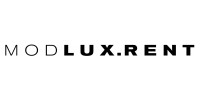 Mod Lux Rent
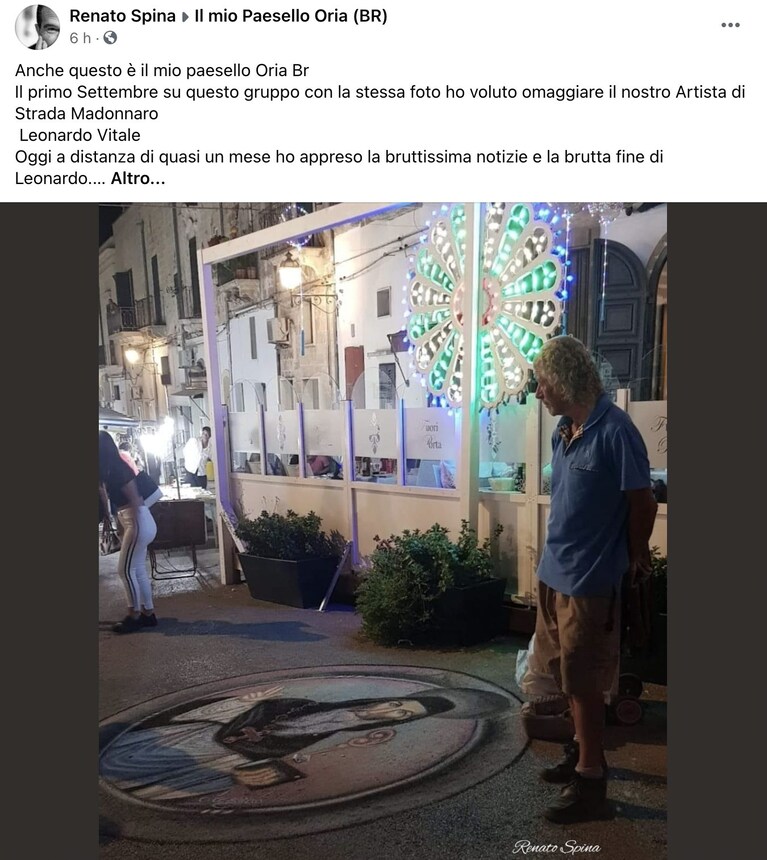 Immagine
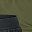 Navy Charcoal Olive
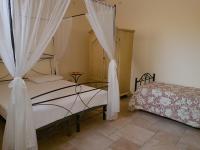 B&B Verardo - B&B Specchia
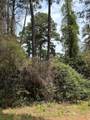 3340 County Road 325 Road - Photo 2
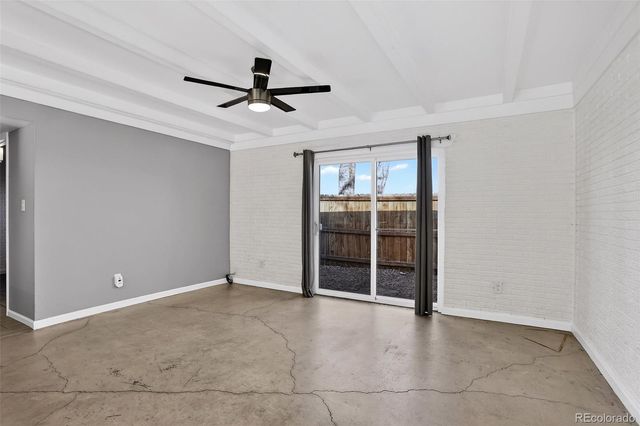 1040 N Stuart Street, Denver, CO 80204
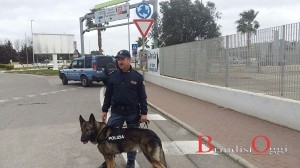 aeroporto1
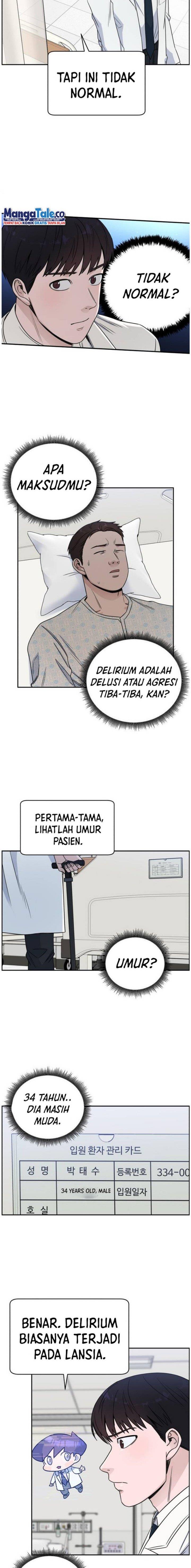 image-komik-ai-doctor-chapter-32-9/26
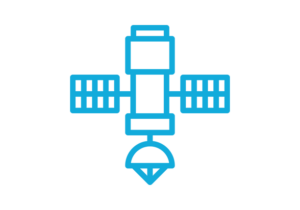 icon_satellite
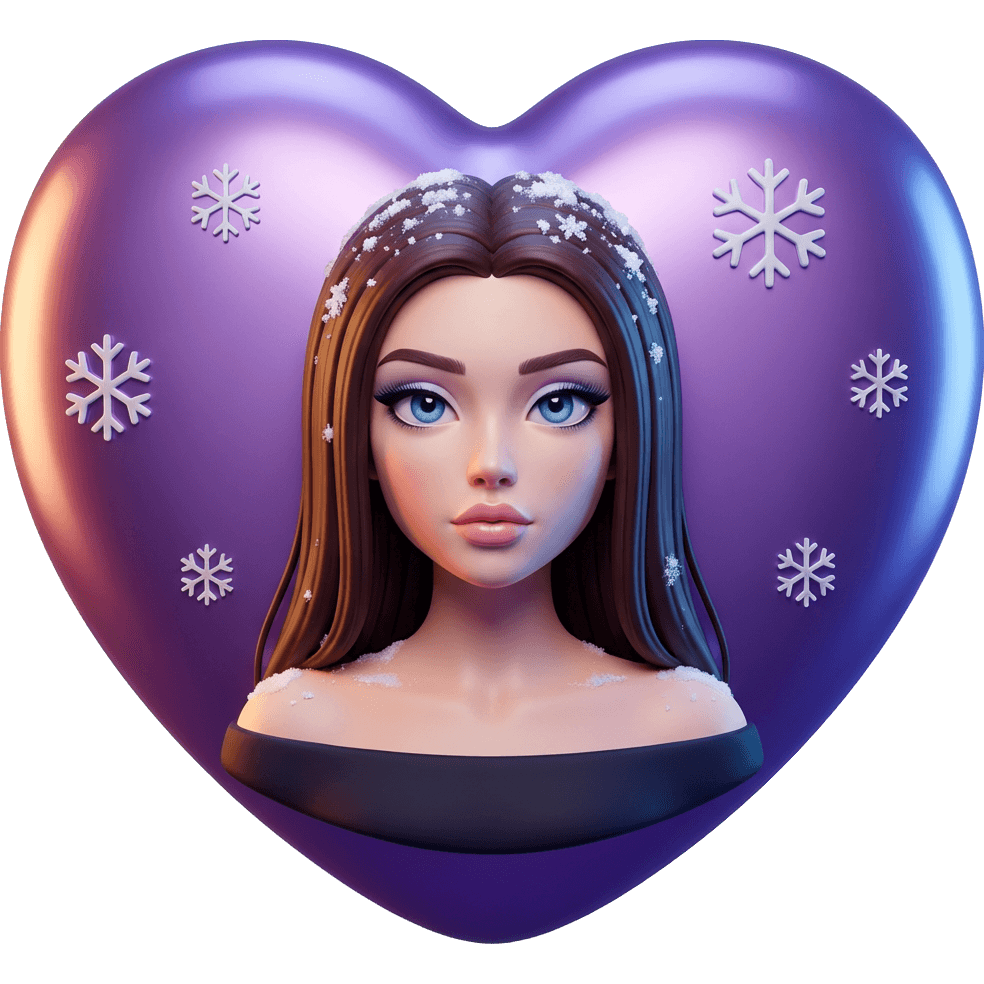 Top 1 team TikTok LIVE gift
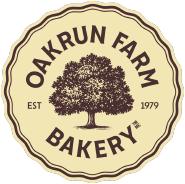 Oakrun Farm Bakery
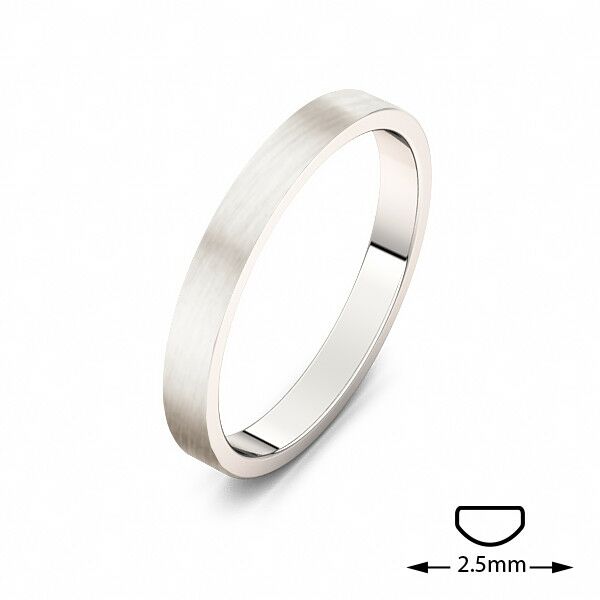 VENUS CONFORT 2.5MM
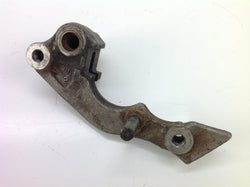 HONDA CR 125 1996 FRONT BRAKE CALIPER MOUNT BRACKET B307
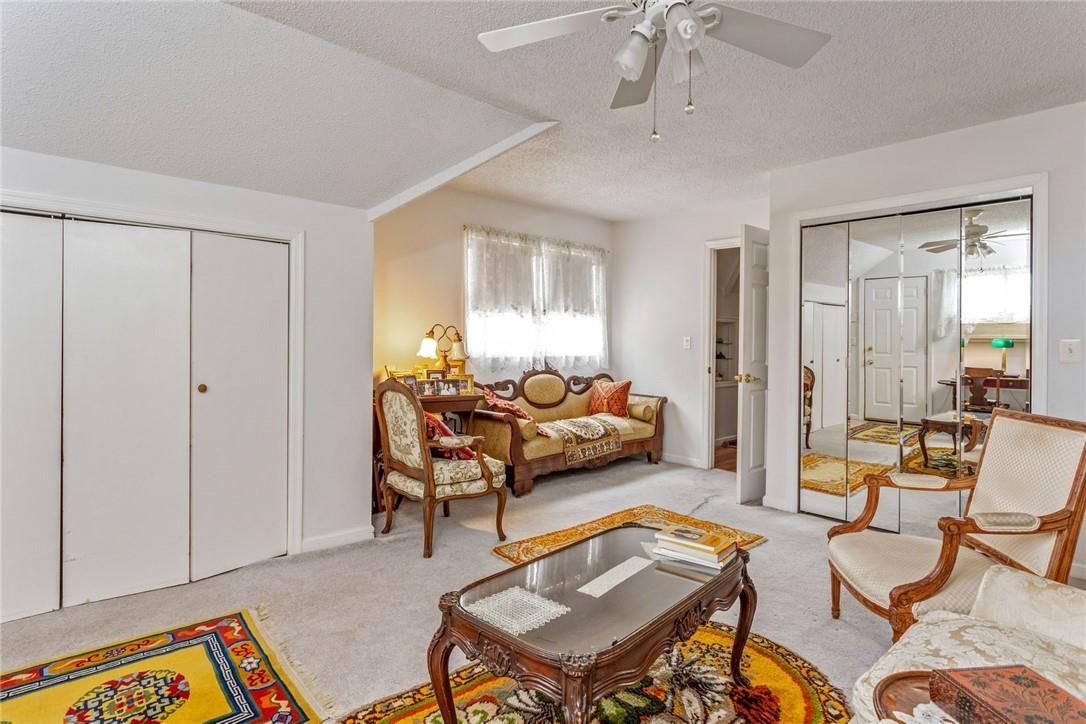 #18 photo, 538 N Route 17, Tuxedo Park , NY 10987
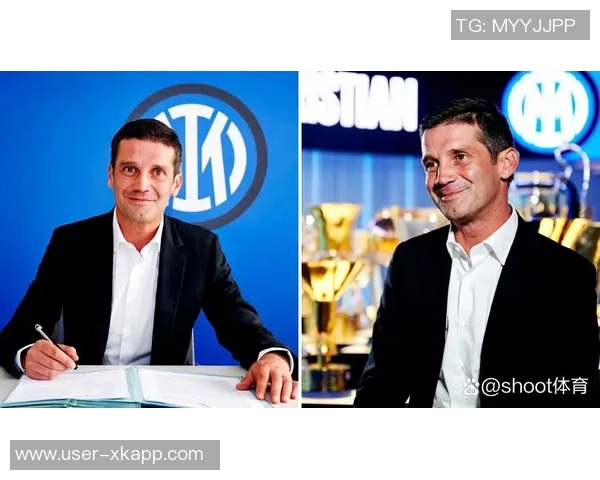 齐沃希望国米冬季引援右边后卫瓦林西奇成为热门目标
━━━━━━━━━━━━━━━━━━━━
• THE TASK:
Transcribe, without alteration, each line from the one with "#18 photo, 538" through the last line of the data; no pictures belong in the copy.

• WRITTEN SOLUTION:
 #18 photo, 538 N Route 17, Tuxedo Park , NY 10987
 齐沃希望国米冬季引援右边后卫瓦林西奇成为热门目标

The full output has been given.